This repository contains codes to implement the textual-factor framework developed in Cong, Liang and Zhang (2019).
The repository is organized in the following way:
-
data
folder contains the corpus of textual data that users wish to analyze. -
output
folder contains the tokenized textual data that the code will generate. -
src
folder contains the project's source codes of tokenization, clustering, and topic modeling.
This project uses BeautifulSoup4, FALCONN and gensim. This version of the code also uses Google's pre-trained word2vec embeddings of words and phrases to generate clusters, so users should download them here and place the file in the directory of this project.

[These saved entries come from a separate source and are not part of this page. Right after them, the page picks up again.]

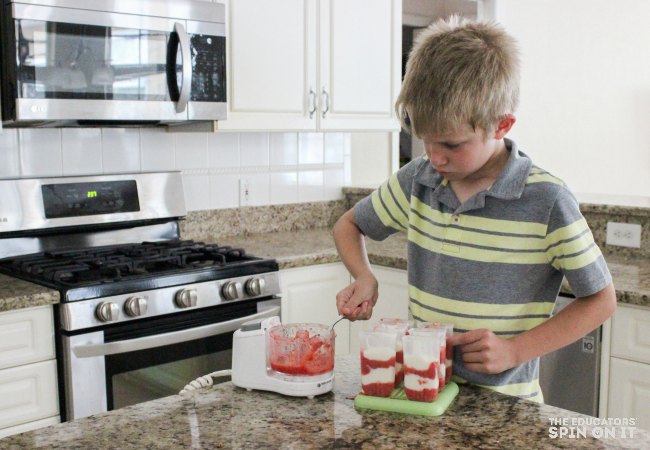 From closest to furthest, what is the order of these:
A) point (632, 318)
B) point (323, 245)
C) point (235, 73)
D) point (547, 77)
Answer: point (632, 318), point (235, 73), point (323, 245), point (547, 77)

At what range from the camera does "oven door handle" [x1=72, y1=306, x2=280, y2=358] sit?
216cm

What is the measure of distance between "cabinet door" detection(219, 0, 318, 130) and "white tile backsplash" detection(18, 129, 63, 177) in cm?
59

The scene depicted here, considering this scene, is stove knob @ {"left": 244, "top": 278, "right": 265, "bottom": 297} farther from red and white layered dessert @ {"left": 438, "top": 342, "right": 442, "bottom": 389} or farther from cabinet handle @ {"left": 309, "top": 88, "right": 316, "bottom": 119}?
red and white layered dessert @ {"left": 438, "top": 342, "right": 442, "bottom": 389}

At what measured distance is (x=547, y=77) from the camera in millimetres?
4926

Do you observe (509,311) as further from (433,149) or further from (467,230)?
(433,149)

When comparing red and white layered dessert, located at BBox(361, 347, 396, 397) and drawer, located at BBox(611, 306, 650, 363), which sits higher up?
red and white layered dessert, located at BBox(361, 347, 396, 397)

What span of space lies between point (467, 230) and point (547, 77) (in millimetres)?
3948

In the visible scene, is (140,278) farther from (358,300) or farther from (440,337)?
(440,337)

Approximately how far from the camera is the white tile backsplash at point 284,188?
3301 millimetres

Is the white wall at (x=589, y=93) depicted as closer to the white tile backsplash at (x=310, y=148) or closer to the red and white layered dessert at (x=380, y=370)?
the white tile backsplash at (x=310, y=148)

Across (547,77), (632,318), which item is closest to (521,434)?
(632,318)

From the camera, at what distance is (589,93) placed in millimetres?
5152

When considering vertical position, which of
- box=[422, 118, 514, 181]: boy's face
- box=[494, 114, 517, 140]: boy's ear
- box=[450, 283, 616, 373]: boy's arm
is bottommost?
box=[450, 283, 616, 373]: boy's arm

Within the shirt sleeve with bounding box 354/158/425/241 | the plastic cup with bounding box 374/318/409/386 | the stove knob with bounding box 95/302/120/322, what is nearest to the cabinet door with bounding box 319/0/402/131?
the stove knob with bounding box 95/302/120/322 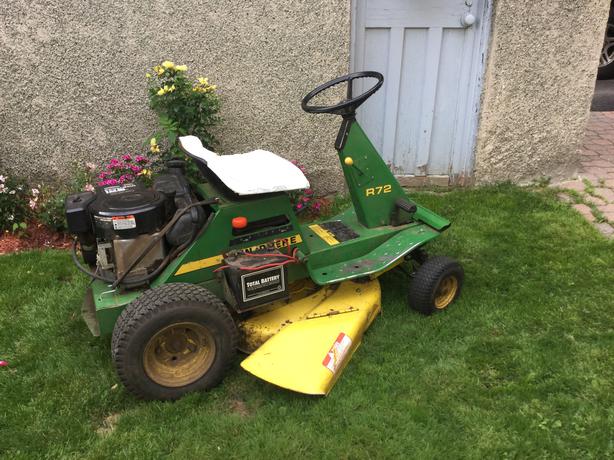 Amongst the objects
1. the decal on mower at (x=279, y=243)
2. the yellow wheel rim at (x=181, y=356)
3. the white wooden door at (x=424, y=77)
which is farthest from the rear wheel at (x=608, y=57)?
the yellow wheel rim at (x=181, y=356)

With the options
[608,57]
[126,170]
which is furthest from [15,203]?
[608,57]

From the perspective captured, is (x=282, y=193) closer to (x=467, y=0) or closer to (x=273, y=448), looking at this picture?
(x=273, y=448)

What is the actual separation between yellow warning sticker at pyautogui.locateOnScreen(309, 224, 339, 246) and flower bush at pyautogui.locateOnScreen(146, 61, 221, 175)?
143 centimetres

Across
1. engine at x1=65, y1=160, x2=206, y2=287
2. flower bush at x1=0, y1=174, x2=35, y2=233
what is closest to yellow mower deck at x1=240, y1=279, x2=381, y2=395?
engine at x1=65, y1=160, x2=206, y2=287

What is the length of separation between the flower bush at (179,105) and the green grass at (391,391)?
1.39 m

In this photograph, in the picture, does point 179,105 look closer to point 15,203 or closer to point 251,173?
point 15,203

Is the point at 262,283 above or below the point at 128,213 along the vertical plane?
below

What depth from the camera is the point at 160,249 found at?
310 cm

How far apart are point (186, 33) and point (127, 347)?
3111mm

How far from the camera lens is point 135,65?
4.88 metres

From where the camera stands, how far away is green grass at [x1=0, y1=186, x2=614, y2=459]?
2.70m

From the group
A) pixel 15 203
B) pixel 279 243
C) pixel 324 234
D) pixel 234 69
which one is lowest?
pixel 15 203

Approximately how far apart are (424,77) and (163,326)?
12.7 ft

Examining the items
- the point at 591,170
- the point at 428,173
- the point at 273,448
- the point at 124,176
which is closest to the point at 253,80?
the point at 124,176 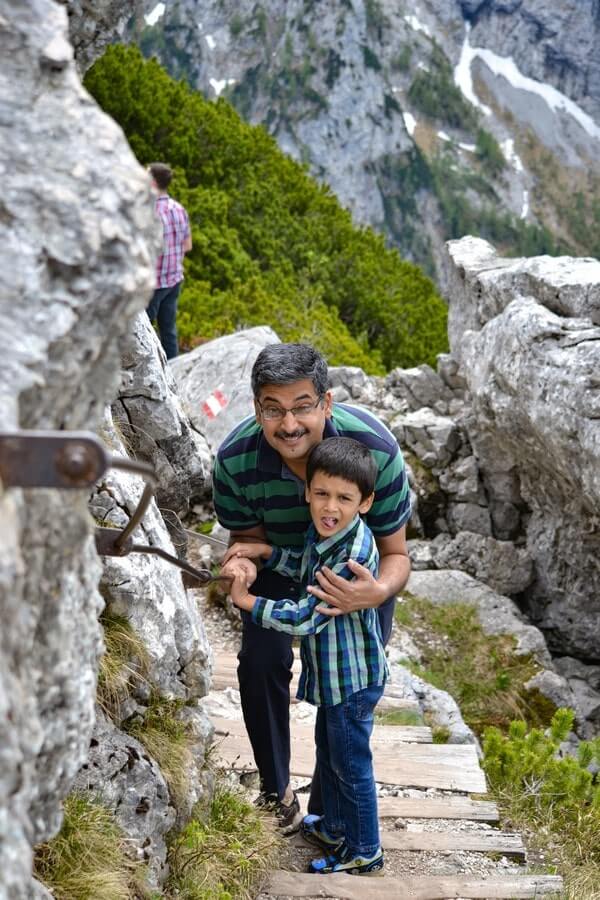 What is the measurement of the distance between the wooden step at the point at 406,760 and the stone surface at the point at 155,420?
137 cm

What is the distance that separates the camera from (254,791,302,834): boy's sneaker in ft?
14.3

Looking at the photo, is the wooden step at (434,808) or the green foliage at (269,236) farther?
the green foliage at (269,236)

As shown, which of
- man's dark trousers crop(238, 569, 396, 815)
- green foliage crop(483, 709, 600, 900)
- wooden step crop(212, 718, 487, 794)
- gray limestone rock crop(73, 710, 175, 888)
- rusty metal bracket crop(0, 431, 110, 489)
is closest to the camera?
rusty metal bracket crop(0, 431, 110, 489)

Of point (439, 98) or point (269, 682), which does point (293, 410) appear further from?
point (439, 98)

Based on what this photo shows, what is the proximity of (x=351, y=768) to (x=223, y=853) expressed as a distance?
62 centimetres

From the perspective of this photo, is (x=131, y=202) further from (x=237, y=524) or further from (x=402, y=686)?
(x=402, y=686)

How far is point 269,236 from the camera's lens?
22.3 m

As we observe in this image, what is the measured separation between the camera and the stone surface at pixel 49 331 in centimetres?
167

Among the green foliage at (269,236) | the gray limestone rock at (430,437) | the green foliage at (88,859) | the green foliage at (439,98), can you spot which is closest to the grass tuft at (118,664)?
the green foliage at (88,859)

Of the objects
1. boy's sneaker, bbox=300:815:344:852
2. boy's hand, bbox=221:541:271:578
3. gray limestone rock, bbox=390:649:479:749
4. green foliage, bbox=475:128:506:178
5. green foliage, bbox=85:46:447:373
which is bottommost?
green foliage, bbox=475:128:506:178

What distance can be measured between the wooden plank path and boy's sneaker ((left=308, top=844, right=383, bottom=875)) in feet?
0.23

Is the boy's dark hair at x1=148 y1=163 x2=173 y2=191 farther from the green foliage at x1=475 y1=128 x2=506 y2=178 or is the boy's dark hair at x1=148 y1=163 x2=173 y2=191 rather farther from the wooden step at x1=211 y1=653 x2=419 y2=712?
the green foliage at x1=475 y1=128 x2=506 y2=178

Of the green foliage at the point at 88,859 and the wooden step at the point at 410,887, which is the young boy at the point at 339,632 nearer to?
the wooden step at the point at 410,887

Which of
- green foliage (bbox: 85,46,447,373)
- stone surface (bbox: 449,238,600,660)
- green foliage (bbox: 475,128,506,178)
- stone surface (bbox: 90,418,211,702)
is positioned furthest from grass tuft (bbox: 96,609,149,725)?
green foliage (bbox: 475,128,506,178) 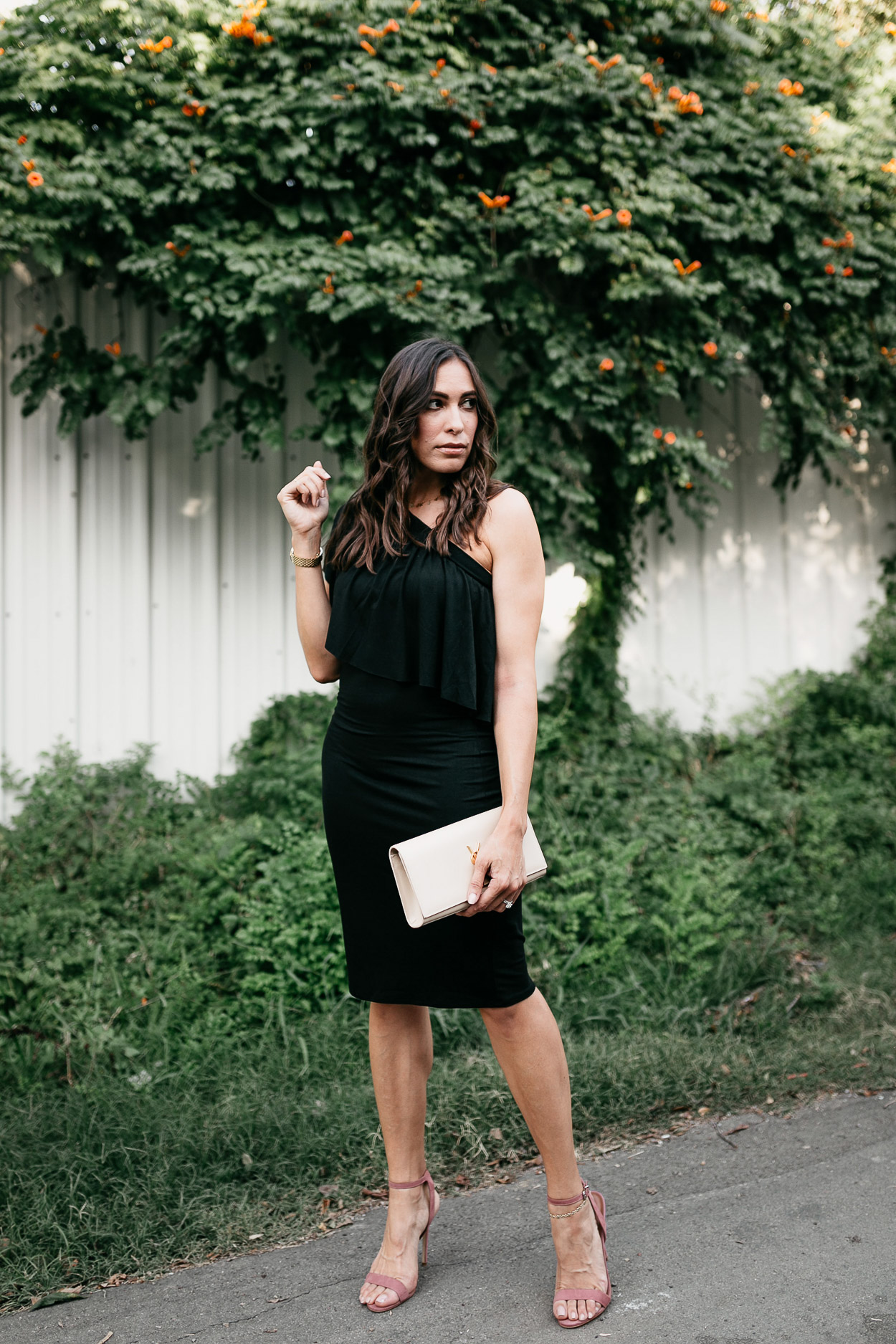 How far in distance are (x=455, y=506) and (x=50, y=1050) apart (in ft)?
7.80

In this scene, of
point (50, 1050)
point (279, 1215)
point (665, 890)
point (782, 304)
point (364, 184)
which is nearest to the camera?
point (279, 1215)

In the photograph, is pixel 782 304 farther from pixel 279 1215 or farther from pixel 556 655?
pixel 279 1215

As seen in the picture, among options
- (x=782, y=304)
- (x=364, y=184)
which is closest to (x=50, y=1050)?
(x=364, y=184)

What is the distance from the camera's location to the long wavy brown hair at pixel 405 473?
7.38ft

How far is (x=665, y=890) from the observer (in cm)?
412

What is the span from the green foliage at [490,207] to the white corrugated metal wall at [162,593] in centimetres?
25

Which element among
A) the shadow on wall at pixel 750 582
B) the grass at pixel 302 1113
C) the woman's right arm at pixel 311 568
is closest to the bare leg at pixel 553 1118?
the grass at pixel 302 1113

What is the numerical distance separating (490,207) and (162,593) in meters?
2.39

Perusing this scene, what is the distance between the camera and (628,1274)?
89.7 inches

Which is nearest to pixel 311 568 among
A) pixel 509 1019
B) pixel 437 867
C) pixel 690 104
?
pixel 437 867

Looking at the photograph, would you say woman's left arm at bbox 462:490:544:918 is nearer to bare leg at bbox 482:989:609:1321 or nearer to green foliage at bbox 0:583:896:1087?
bare leg at bbox 482:989:609:1321

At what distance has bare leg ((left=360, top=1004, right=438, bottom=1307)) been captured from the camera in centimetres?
230

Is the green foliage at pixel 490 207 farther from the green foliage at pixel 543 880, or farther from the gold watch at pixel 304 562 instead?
the gold watch at pixel 304 562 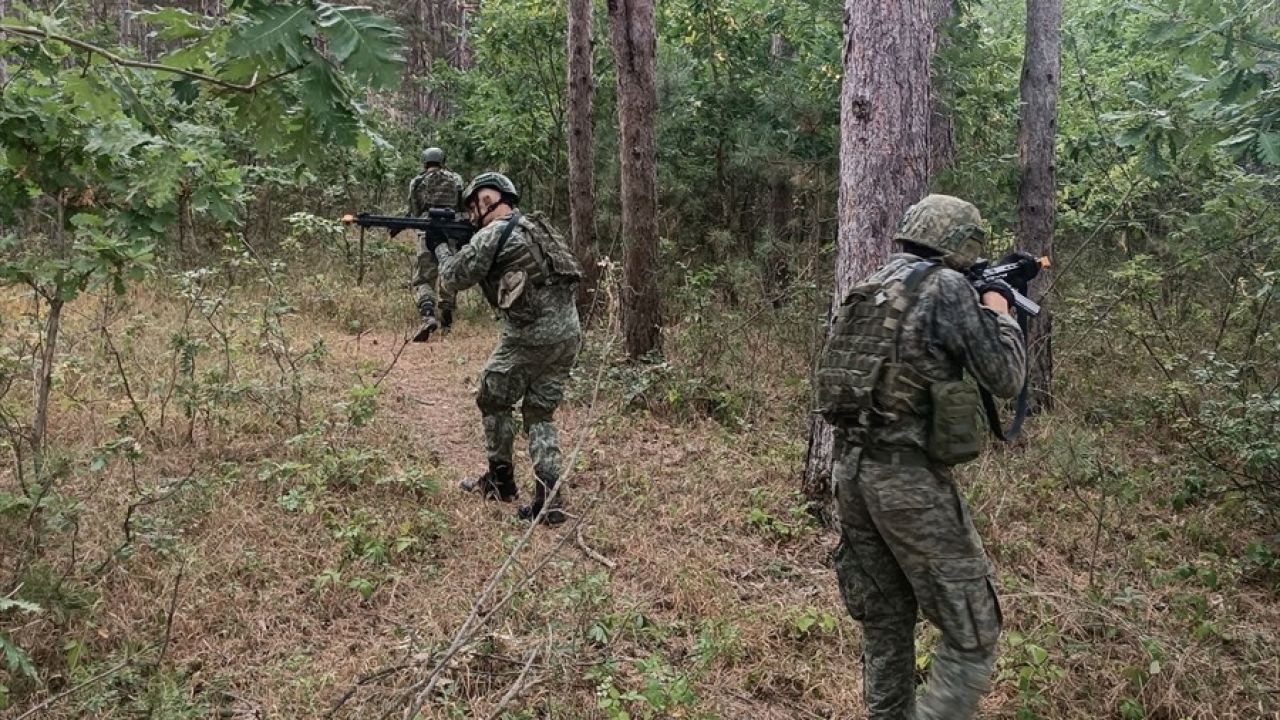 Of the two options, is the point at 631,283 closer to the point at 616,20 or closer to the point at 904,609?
the point at 616,20

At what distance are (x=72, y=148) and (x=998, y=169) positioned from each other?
23.0 feet

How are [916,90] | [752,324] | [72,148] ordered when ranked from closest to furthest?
[72,148] < [916,90] < [752,324]

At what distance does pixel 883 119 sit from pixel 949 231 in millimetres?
2007

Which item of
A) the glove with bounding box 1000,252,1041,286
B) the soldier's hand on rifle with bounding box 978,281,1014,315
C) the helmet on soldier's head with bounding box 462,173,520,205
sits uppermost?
the helmet on soldier's head with bounding box 462,173,520,205

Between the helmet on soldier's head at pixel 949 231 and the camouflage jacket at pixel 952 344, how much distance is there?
0.37ft

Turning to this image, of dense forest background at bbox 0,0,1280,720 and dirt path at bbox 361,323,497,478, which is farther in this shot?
dirt path at bbox 361,323,497,478

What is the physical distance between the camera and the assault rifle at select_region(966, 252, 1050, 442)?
3.10m

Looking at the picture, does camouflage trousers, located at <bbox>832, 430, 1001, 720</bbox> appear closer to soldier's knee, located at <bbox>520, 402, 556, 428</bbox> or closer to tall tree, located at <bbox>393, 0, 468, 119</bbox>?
soldier's knee, located at <bbox>520, 402, 556, 428</bbox>

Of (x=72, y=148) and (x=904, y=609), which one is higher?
(x=72, y=148)

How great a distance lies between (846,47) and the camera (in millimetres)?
5000

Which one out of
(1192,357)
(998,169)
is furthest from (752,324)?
(1192,357)

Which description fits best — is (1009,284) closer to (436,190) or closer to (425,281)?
(425,281)

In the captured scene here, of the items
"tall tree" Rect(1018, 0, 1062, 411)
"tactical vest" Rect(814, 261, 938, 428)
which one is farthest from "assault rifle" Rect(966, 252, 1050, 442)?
"tall tree" Rect(1018, 0, 1062, 411)

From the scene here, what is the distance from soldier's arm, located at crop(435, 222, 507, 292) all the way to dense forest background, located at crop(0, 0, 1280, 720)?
0.81 metres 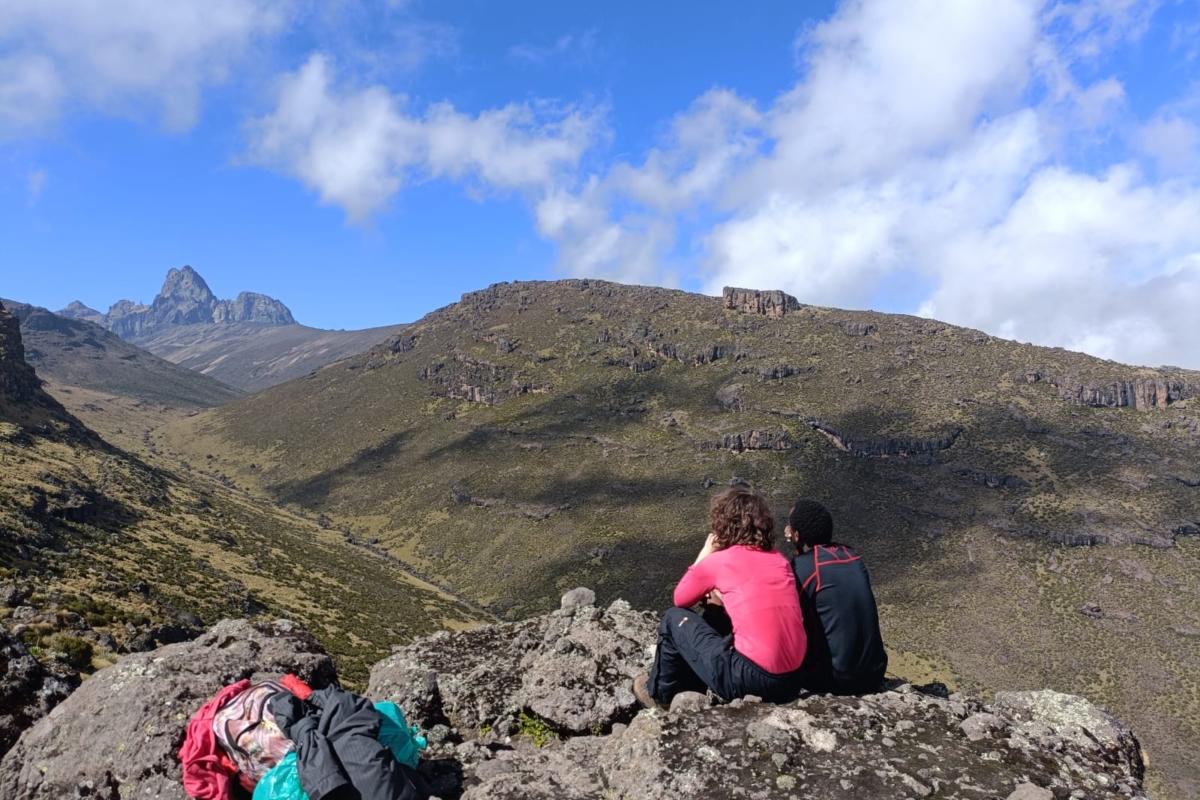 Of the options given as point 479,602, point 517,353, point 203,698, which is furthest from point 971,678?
point 517,353

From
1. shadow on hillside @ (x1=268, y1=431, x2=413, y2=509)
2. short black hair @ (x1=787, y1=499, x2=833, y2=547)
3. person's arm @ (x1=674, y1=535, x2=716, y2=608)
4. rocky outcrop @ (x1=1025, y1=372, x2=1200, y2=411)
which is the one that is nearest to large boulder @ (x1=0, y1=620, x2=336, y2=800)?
person's arm @ (x1=674, y1=535, x2=716, y2=608)

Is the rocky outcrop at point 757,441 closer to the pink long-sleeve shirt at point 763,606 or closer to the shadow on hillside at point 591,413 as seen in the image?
the shadow on hillside at point 591,413

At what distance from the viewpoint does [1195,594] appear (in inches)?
2574

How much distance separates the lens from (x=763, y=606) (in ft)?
19.4

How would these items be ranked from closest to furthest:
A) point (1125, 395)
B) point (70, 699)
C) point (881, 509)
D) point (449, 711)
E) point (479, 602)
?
point (70, 699), point (449, 711), point (479, 602), point (881, 509), point (1125, 395)

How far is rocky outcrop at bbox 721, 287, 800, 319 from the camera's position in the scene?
143125 mm

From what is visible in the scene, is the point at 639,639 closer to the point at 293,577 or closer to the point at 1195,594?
the point at 293,577

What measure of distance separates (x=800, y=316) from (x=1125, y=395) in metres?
61.8

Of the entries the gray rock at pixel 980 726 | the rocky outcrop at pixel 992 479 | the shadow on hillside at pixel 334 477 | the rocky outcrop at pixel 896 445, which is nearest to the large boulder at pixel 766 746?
the gray rock at pixel 980 726

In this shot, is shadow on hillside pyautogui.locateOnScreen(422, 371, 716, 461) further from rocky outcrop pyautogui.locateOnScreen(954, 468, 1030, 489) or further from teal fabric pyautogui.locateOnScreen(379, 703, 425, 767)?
teal fabric pyautogui.locateOnScreen(379, 703, 425, 767)

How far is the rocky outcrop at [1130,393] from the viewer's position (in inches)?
3738

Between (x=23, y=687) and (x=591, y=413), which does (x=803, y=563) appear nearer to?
(x=23, y=687)

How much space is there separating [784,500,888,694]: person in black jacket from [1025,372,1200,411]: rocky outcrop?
120 m

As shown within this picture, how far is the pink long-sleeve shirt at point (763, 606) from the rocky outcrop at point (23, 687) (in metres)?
7.70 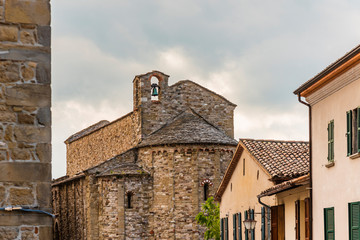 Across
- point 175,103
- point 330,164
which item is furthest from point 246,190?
point 175,103

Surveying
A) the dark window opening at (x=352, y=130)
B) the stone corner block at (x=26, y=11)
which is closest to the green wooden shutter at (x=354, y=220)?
the dark window opening at (x=352, y=130)

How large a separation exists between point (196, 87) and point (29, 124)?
43.1 meters

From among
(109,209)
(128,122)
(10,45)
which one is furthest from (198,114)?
(10,45)

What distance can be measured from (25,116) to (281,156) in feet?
63.0

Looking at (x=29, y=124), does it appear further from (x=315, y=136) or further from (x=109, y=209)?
(x=109, y=209)

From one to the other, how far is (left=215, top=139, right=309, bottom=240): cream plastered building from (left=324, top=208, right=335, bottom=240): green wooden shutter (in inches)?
189

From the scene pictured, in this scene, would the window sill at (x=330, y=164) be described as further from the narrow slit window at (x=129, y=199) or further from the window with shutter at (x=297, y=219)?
the narrow slit window at (x=129, y=199)

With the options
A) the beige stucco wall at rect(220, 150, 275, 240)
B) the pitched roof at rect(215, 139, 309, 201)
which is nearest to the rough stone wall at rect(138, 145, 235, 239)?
the beige stucco wall at rect(220, 150, 275, 240)

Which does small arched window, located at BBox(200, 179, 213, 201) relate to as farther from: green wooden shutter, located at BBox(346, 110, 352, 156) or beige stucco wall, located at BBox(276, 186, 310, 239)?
green wooden shutter, located at BBox(346, 110, 352, 156)

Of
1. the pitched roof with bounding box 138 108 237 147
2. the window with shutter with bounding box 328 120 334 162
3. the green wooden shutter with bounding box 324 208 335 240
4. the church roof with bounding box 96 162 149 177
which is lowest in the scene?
the green wooden shutter with bounding box 324 208 335 240

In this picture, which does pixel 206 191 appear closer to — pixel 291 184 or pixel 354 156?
pixel 291 184

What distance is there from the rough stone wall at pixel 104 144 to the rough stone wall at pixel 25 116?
41957 millimetres

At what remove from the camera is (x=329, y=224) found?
2109 cm

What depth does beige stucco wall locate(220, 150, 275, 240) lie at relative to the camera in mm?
28969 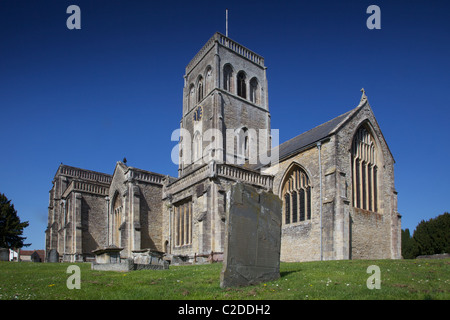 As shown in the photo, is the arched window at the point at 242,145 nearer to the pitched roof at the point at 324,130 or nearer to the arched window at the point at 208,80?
the arched window at the point at 208,80

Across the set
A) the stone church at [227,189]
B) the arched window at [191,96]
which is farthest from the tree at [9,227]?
the arched window at [191,96]

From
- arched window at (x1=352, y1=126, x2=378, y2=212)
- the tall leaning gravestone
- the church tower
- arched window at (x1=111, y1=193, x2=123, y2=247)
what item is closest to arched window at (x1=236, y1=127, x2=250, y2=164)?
the church tower

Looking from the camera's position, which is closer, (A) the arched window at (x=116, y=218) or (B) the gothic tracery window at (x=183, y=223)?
(B) the gothic tracery window at (x=183, y=223)

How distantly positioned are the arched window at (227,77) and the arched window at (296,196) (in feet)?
53.5

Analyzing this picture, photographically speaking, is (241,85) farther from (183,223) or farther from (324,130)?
(183,223)

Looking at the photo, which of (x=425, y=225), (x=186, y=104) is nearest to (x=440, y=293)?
(x=425, y=225)

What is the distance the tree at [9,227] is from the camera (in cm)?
4028

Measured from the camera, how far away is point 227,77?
3862 cm

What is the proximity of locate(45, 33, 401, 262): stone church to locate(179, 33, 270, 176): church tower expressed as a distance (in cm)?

To run textual-factor analysis:
$ python3 text_analysis.py
Relevant output includes:
-
google_cluster_50.txt
contains word clusters generated by Algorithm 2 in Cong, Liang and Zhang (2019), i.e. hierarchical clustering with cluster size parameter equal to 50. -
google_cluster50_processed.txt
contains the final clusters the code uses after intersecting the generated clusters with the corpus vocabulary and removing repeated and stopped words. -
50document_loadings_google.csv
contains factors' beta loadings on the documents derived by Algorithm 4 in Cong, Liang and Zhang (2019), i.e. SVD. -
top500_important_clusters_google50_avg.csv
contains the 500 most important factors given by Algorithm 4 in Cong, Liang and Zhang (2019).
-
This code is an abstracted version of the old code.
-
The tokenization and clustering are multithreaded.